Exercise prompt – Write out each line below precisely, passing over the pictures.

Exercise data –

-- -- --

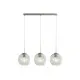 Searchlight Balls króm-átlátszó függesztett lámpa (SL-1623-3CL) E27 3 izzós IP20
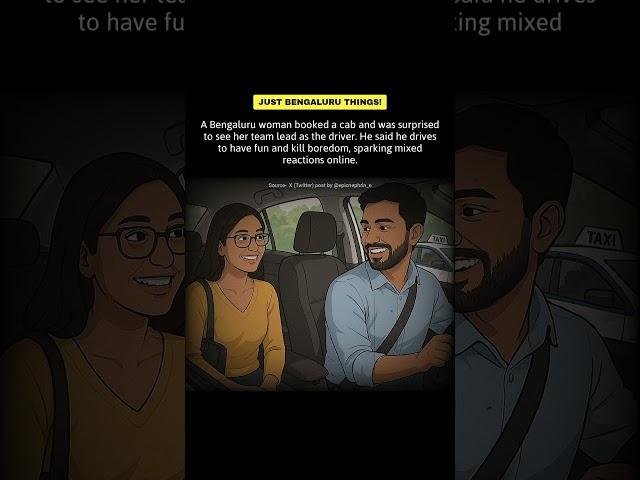 “Bengaluru Woman Shocked as Team Lead Arrives as Her Uber Driver”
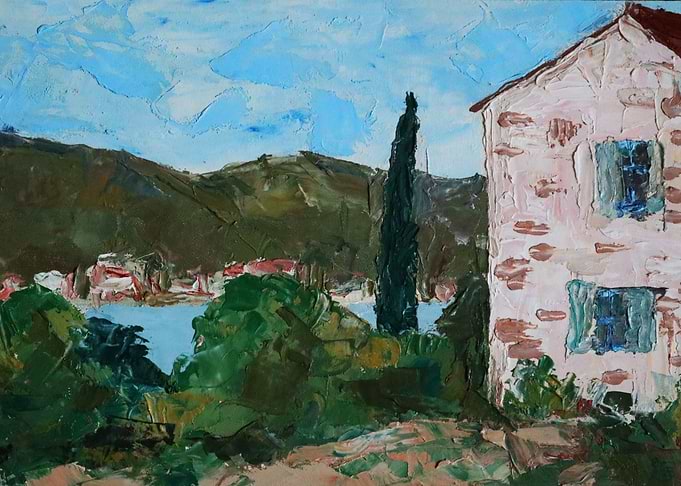 View to the sea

-- -- --

Final answer –
 Searchlight Balls króm-átlátszó függesztett lámpa (SL-1623-3CL) E27 3 izzós IP20
 “Bengaluru Woman Shocked as Team Lead Arrives as Her Uber Driver”
 View to the sea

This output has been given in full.